Micromobility has so far proven increasingly popular with Londoners, with ever-increasing sales and road usage of e-scooters despite it currently being illegal to use them on public highways. In response to this, the Government has made clear its intention to expand the legalisation of e-scooters on public roads across England. Rather than push back against this new form of transport, city leaders need to ensure the right safety measures are in place to make e-scooters part of a green and sustainable future for London’s transport network.
A major step towards a greener and more sustainable London is the Mayor’s proposed expansion of the Ultra Low Emission Zone to cover all of London, which TfL officially began public consultation on last week. This is a clear sign that the Mayor’s focus continues to be on cleaning up London’s air – and using ULEZ to do it – but the new proposal needs complementary measures to ensure the least-well-off aren’t hit hard by added costs and that public transport can improve to fill the void of reduced car usage.
Ultimately, Centre for London believes only a pay-per-mile road user charging scheme will deliver the transformational change needed to cut congestion and promote active travel, but the Mayor’s new proposals are a useful stepping stone towards greener transport in London. Make sure to watch our latest event on the role that e-scooters can play in achieving this.
London Drugs Commission
The Mayor created ripples with the announcement, on his trip to California, that he was establishing a London Drugs Commission to be chaired by Lord Charlie Falconer QC, the former Lord Chancellor. Noticeably, the Mayor hasn’t said either way what his view is on the decriminalisation or legalisation of cannabis, but it has certainly provoked a political storm, coming in for criticism from the Government as well as from some in the Mayor’s own party. This one is going to run and run. This one is going to run and run.
Other highlights this past month include:
- City Hall produced a shortlist of the best neighbourhoods in London to live in, guaranteed to annoy everyone who thinks their corner of the city is best.

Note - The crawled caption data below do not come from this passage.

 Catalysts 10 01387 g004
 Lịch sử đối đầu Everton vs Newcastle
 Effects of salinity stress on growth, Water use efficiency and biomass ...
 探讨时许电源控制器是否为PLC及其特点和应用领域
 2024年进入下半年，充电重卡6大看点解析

- Research published also highlighted the ‘welfare value’ of open green space, with Hyde Park and Hampstead Heath in the nation’s top ten.
- The launch of the new Bloomberg News service coincided with the release of their new report which cast doubt on progress with levelling up, suggesting that on some measures the gap has actually widened.

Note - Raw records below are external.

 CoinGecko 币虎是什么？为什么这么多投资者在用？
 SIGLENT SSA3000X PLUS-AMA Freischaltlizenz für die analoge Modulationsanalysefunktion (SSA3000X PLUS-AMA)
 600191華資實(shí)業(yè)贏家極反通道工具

- Hampton’s Estate Agents also published research which shows the Covid-induced exodus from the city is now in reverse as people flock back to London.
- Think tank Onward produced a report on levelling up in Oldham, which cast doubt on relying solely on public transport investment as a means to level up.

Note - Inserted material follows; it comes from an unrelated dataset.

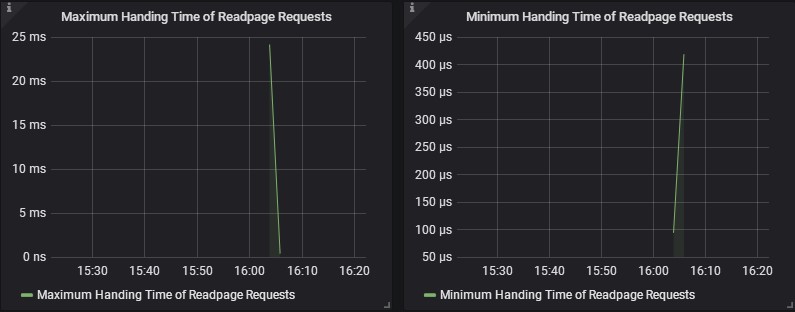 Handing Time Of Readpage Requests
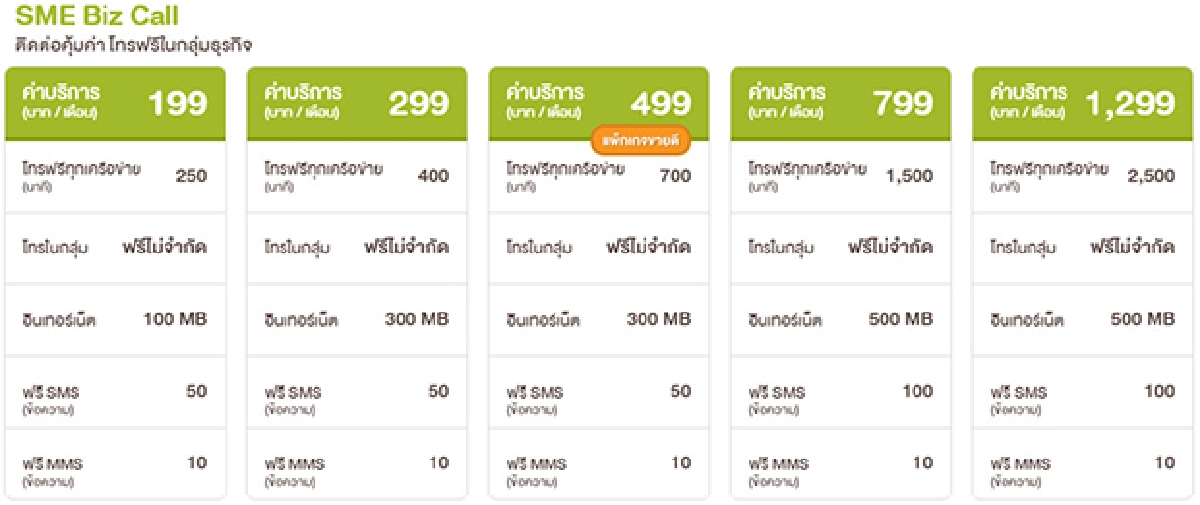 ทะยานสู่ธุรกิจเบอร์หนึ่งด้วย AIS SME BizMatch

- The new Chair of the Policy & Resources Committee at the City of London Corporation – the de facto leader of the authority in charge of this historic part of the city – has laid out his vision for the Square Mile as he takes up the reins.
- New data from the ONS shines a light on the extent to which hybrid working is here to stay post pandemic.
- The Black Equity Organisation, a new group promoting social justice and equity in Britain’s black community, has been established.
- In good news, London has retained its crown as Europe’s technology hub.
- And finally, the opening of the Elizabeth Line has seen TfL produce an updated tube map. Given how much purists and traditionalists fiercely guard the integrity of the tube map, how the new line was added to the existing tangle of stations and lines was always going to prove controversial. The only thing more controversial is the debate over whether the Elizabeth line is a tube line or a rail line (According to TfL, it is not a tube line).